US Secretary of State Mike Pompeo on Friday said that sanctions on Iran have been "effective" and “we will enforce them” everywhere to deny the country the ability to build a nuclear weapon that could threaten anyone in the world.
Pompeo spoke at a regional youth leadership program in the Thai capital of Bangkok during a wider meeting of Southeast Asian nations with world powers.
“Before the sanctions regime was put in place, there were 2.7-ish million barrels of oil a day being shipped by Iran to all around the world. The number for June and July, each of those two months, was less than a half a million barrels, could have been closer to zero than to half a million,” he said.
“The sanctions have been very effective, and we will enforce them everywhere,” he added. “We’ll enforce them against any company, any country, that continues to violate those sanctions."
According to Pompeo, “it is absolutely imperative” to deny Tehran “from having the wealth and resources to build a nuclear program that could threaten anyone in the world,” the secretary of state declared.”

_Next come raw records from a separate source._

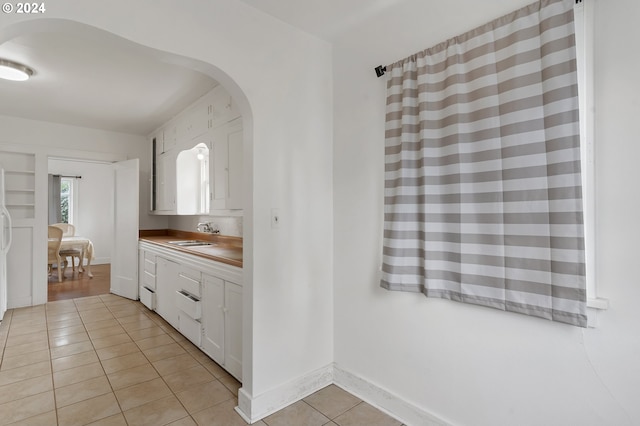 bathroom with vanity and tile patterned floors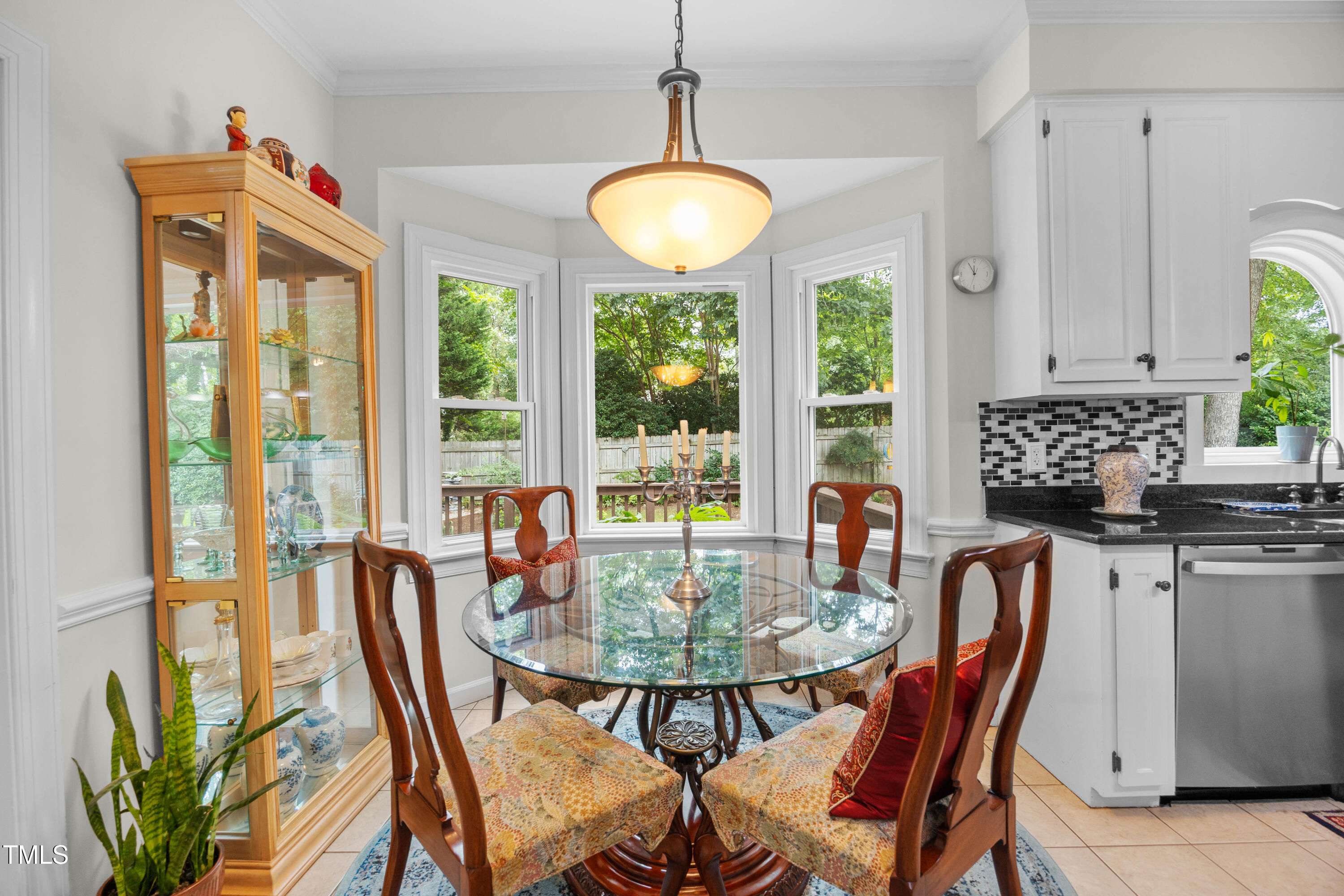 207 Wintermist Drive Cary, NC 27513 - Photo 6 of 43 a dining room with furniture a chandelier and a rug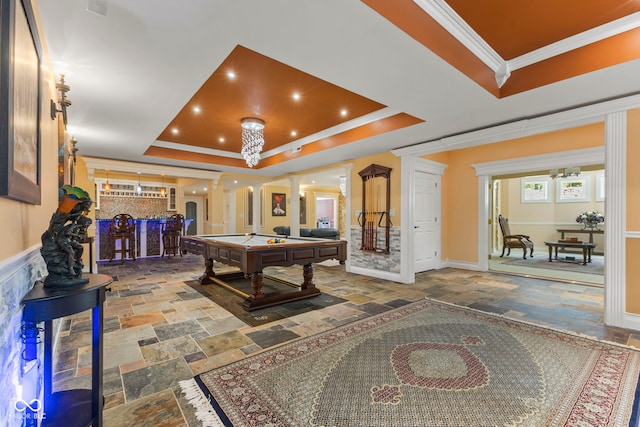 10821 Club Point Dr, Fishers, IN 46037 - game room featuring a tray ceiling, decorative columns, crown molding, and stone tile flooring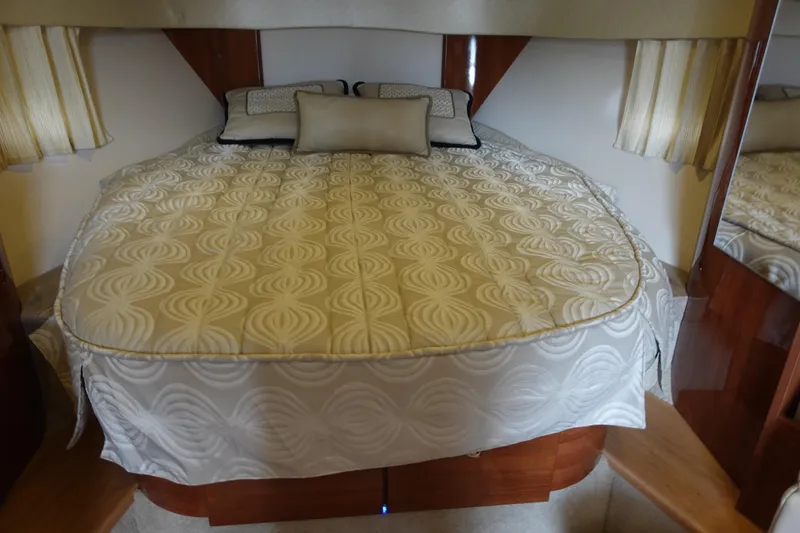 Slide: The Image of Luxurious bedroom interior of 2016 Formula 34 Cruiser with elegant bedding and wood accents. - 23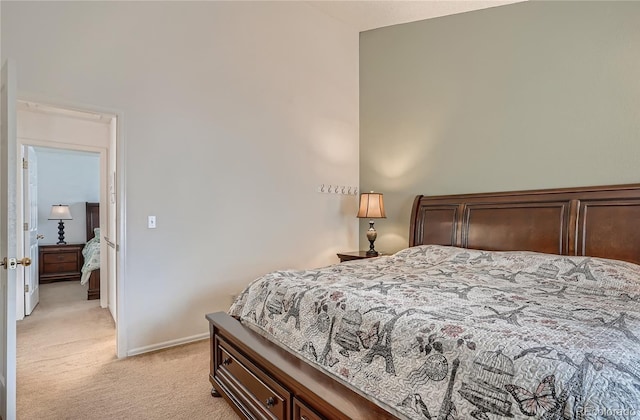 bedroom featuring light carpet and baseboards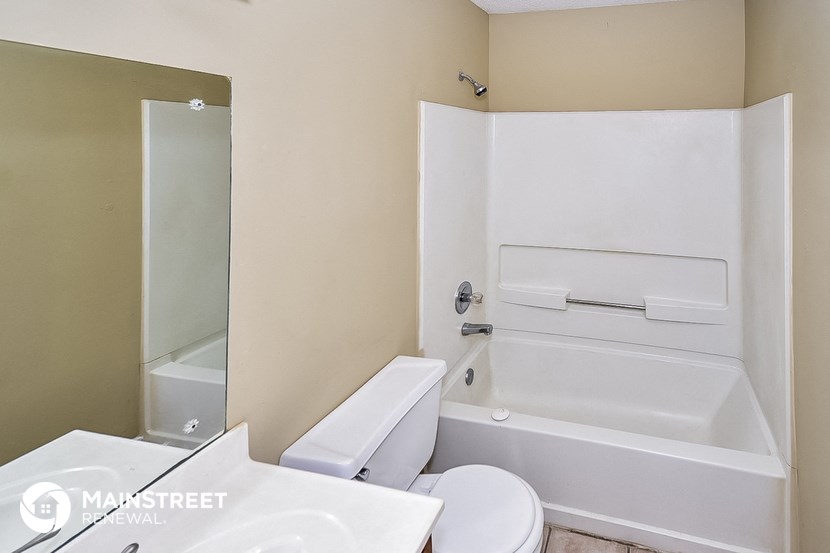 a bathroom with a tub and a toilet and a sink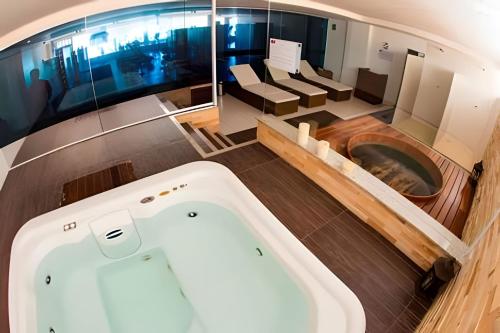 a bath tub in the middle of a room at Barra Bali: Resort Beira Mar in Barra de São Miguel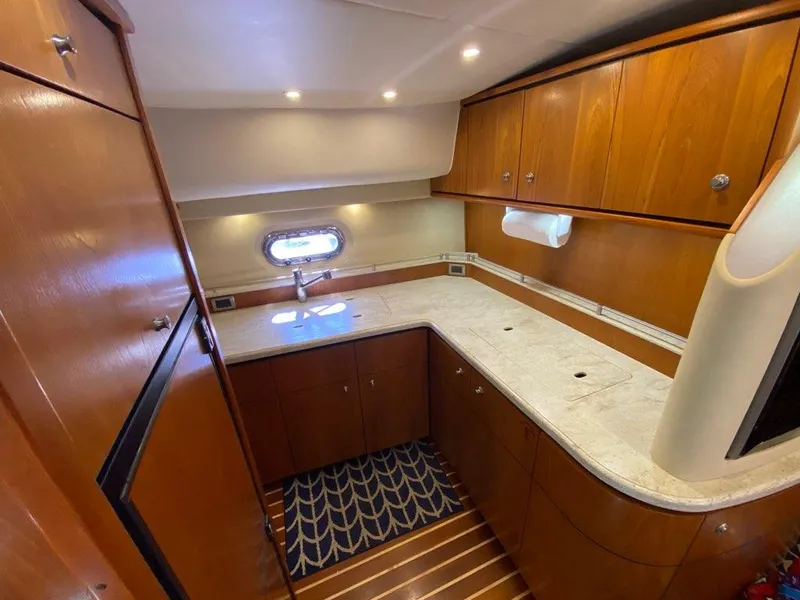 Slide: The Image of Interior of 2009 Tiara Yachts 4300 Sovran featuring elegant kitchen. - 22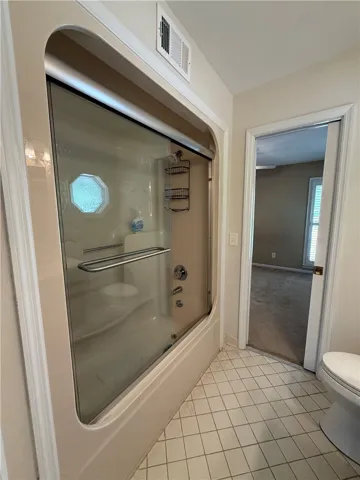 This primary bathroom features a shower with sliding glass doors and tiled flooring.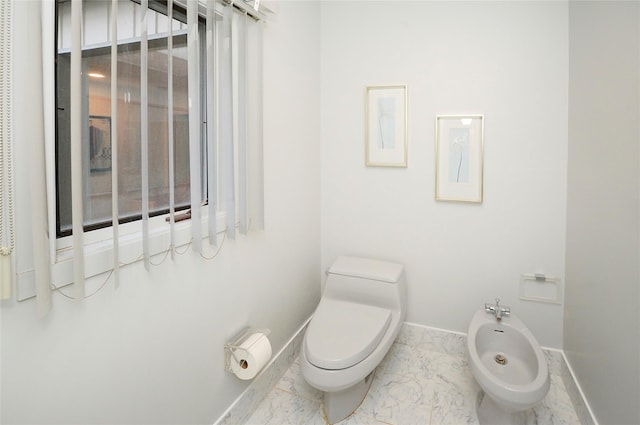 bathroom with toilet and a bidet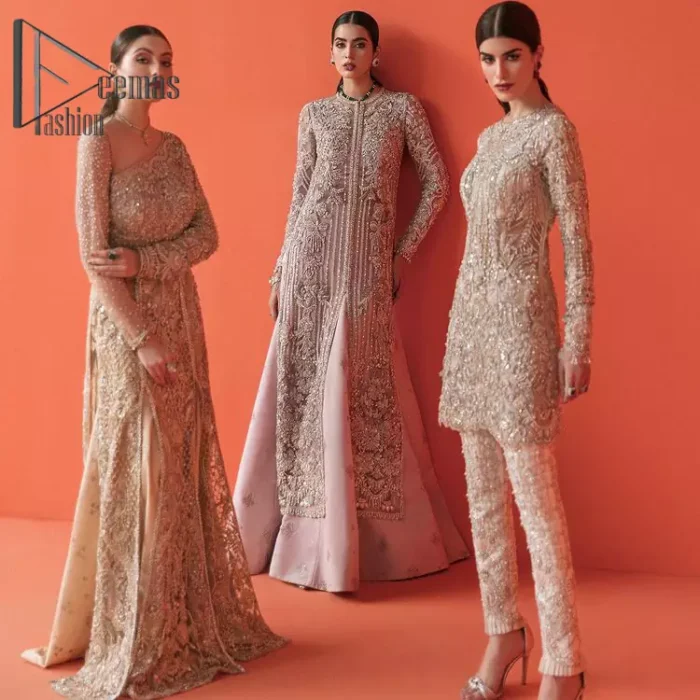 If you have a galaxy in your eyes, and immense love in your heart for your outfits then this beautiful tea rose article is just for you. This full sleeves tea rose shirt is highlighted with kora, dabka and crystal embroidery. Furthermore, Its long open-front style is looking glamorous when it pairs up with the prettiest tea rose lehenga just embellished with tiny floral motifs that give you a super-duper fairy dreamy look on any special occasion. To finish the look, go with an organza dupatta decorated with sequins spray all over.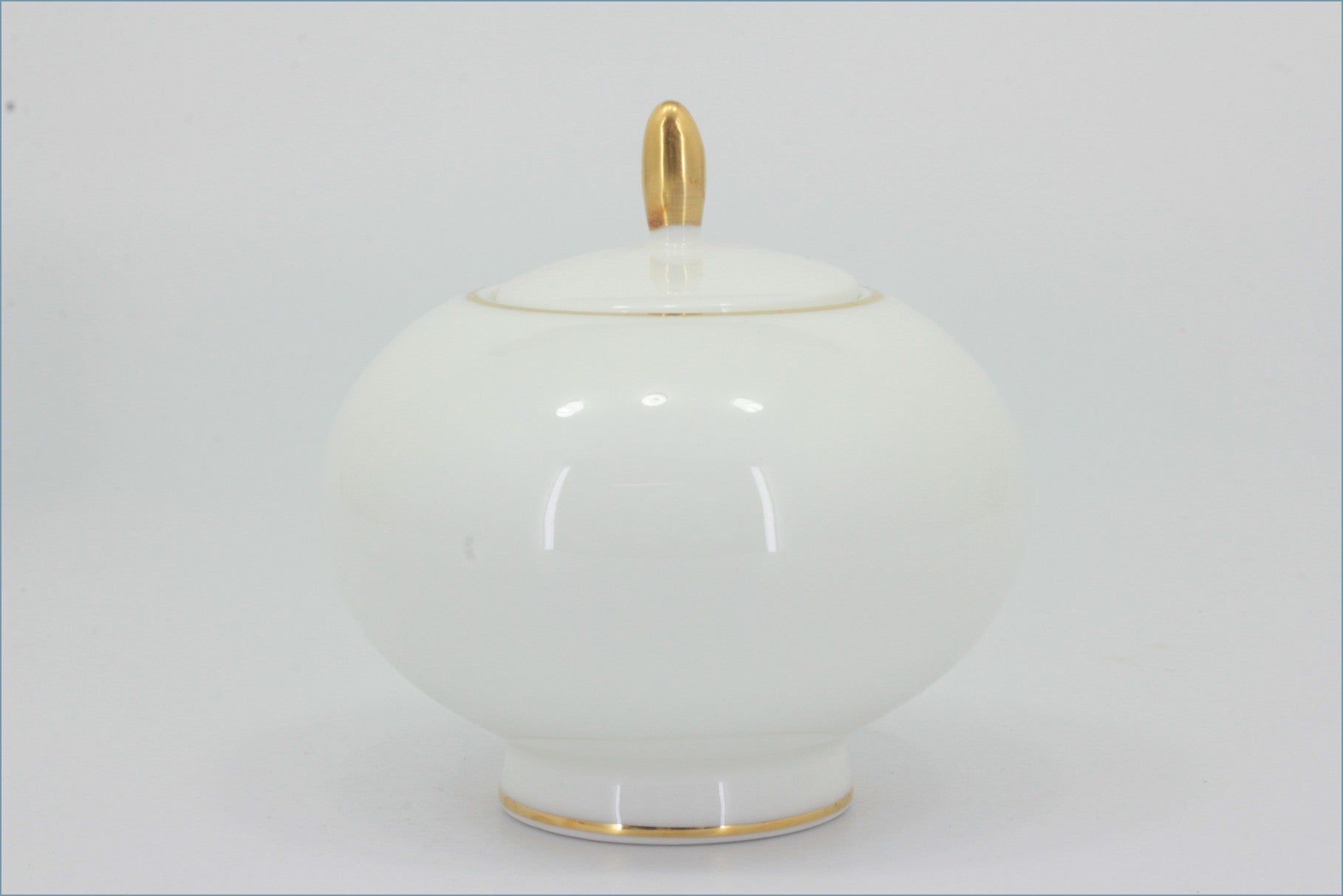 Royal Doulton - Symmetry Gold - Lidded Sugar Bowl - White ceramic jar with gold accents on a white background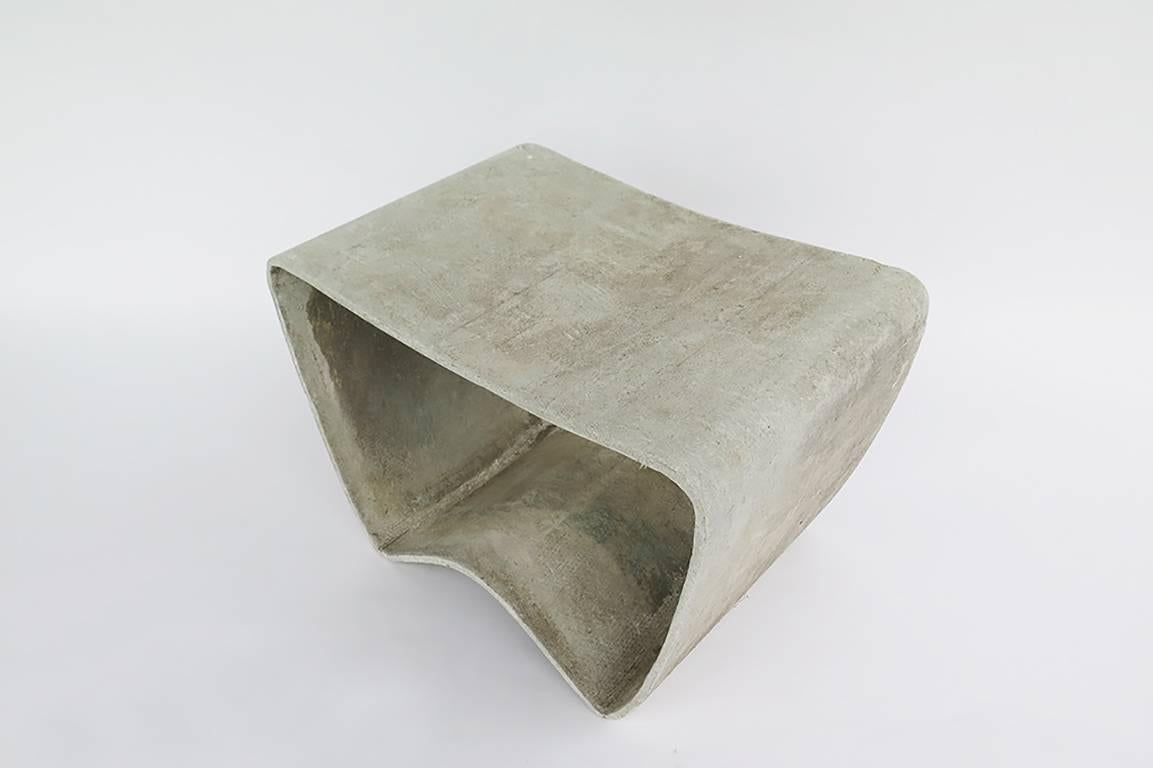 Made of fibrated concrete, this iconic Mid-Century Modern stool was designed by Ludwig Walser in 1954 under the direction of Willy Guhl and manufactured by Eternit. Priced individually, pair available.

Pompeo is expected to head to Sydney on Sunday for talks with Australian Prime Minister Scott Morrison after Washington asked the country to take part in the alliance aimed at protecting maritime traffic in the Gulf.
Meanwhile, Japan's Mainichi newspaper, citing unidentified government sources, said Friday that Tokyo will not send warships to join the US-led maritime force to guard oil tankers in the Strait of Hormuz, fearing a military response from Iran, but it may send patrol aircraft.
But Japan may send warships independently to protect Japanese ships in the world’s most important oil artery, the newspaper said.